I became disillusioned with doing the naive solution, for two reasons:

Found it to be impossible (from a time/project mgmt perspective) to ever replace it with the "non-naive" one, so it turns into the usual mess because CRUD doesn't work well as you load more functionality on it over time.

Secondly ... it's thinking machines. From a business perspective, does it still make sense to hand code glorified rolodexes without behaviour? Maybe Excel does the trick. Seeing it as a red flag if someone asks me to build dumb data entry forms in 2016.

Therefore, I always start eventsourced theses days. YMMV.

1 comments

This seems solid advice.

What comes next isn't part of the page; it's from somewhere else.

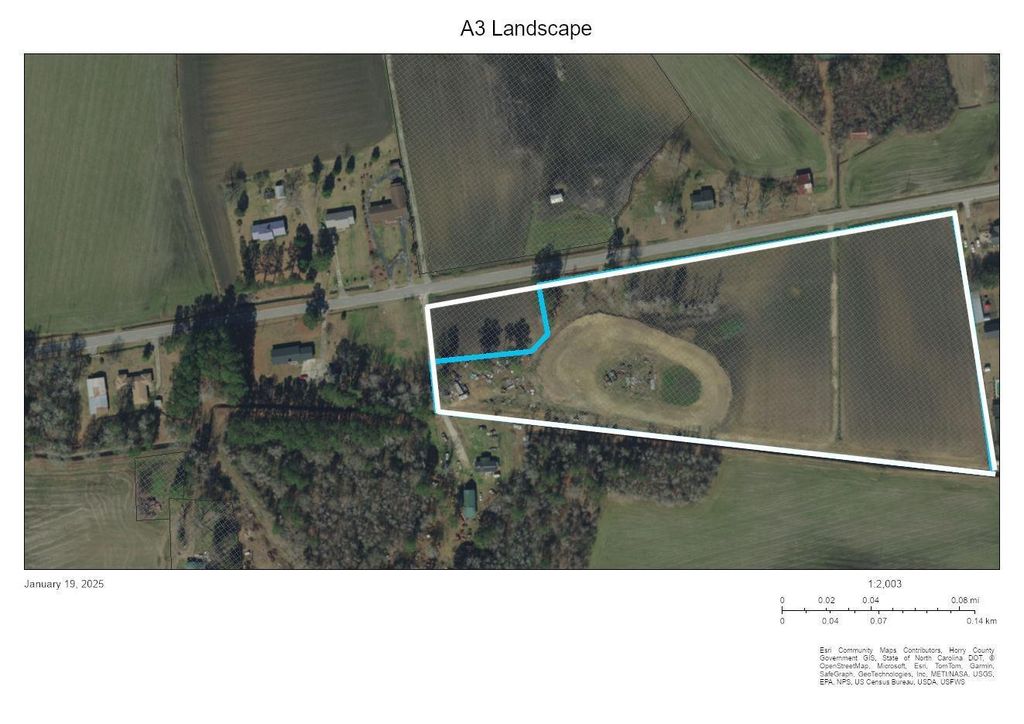 6441 Three Bend Rd., Nichols, SC 29581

I guess my main questions are:

* If you are in-memory and in-process, why bother with the events in the first place? (Simpler put, why not go with the simpler process based solutions?)

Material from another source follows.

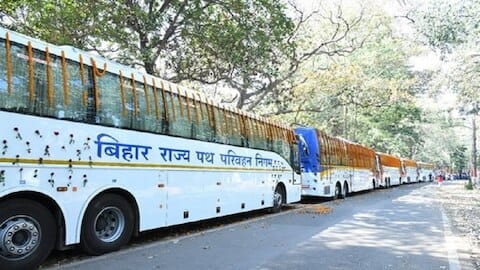 पटना-मुजफ्फरपुर समेत 6 शहरों से हरियाणा के लिए चलेंगी सरकारी AC बसें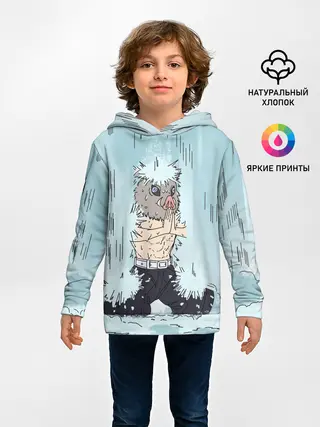 Детское худи / МЕДИТАЦИЯ ИНОСКЕ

* If you are not testing distributed, how do you know you will be able to distribute?

In particular, there is a very large chance that you will have the same difficulty in replacing an in-memory/process solution that you would have had with a naive one.

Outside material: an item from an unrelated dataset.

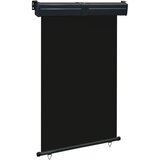 Furnova Balkonska stranska tenda 125x250 cm črna, (22056920) | Shoptok.si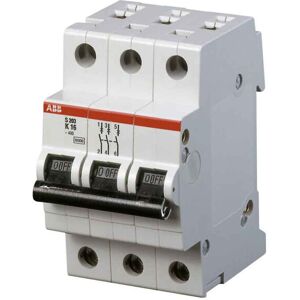 ABB Stotz S&J; Sicherungsautomat K,6kA,20A,3P S203-K20 (2CDS253001R0487) ABB Stotz S&J; Sicherungsautomat K,6kA,20A,3P S203-K20 (2CDS253001R0487)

And don't underestimate the amount of manpower you can get with success. Nor the amount of features that will not help get success.

I don't really do eventsourcing for technical reasons. To me it's about creating an environment for project delivery where teams can succeed because they own more of their stack, from an org chart & organizational perspective.

As far as code is concerned, I see that as coming down to managing coupling & cohesion in such a way that the various pieces can be designed, built, supported, deployed and enhanced by the same team, with minimal need to wait for, coordinate with or be on the same page with any other team.

I think event sourcing & CQRS are great for enabling that because they result in the lowest form of coupling: Commands are fire and forget. You don't care who subscribes to your events. You don't care who publishes events you subscribe to. You never query anything you don't own in order to get information you need for your business logic. While the system is still small, we seem to get these advantages just fine when we do in-memory and in-process. Once package management, performance, units of deployment, etc. become an issue, we build out to add infrastructure, as needed. Because the pieces are pretty standalone within the code, it's not all that complicated to do, compared to "traditional" CRUD systems.

Not testing distributed: It's possible to deduce a lot with testing locally if it's simple to understand what's coupled to what and if good shared contracts for commands and events are in place, but ultimately the proof is of course in the pudding. When the time comes, there is a big advantage: The system is already fully operational and testing comes down to "does it still work?" If one were to do the plumbing before the business functionality and tests that in isolation ... does that really amount to knowing that it'll still be OK once it actually runs what it needs running ...? For starters, there is a danger of over-engineering because the required performance characteristics of the end products are more difficult to asses if there is no end product yet.

I think the problem is best seen by considering the statement "You don't care who subscribes to your events." This is great when you are literally doing something only on one end of the event creation barrier. This makes sense when creating something takes a lot of effort.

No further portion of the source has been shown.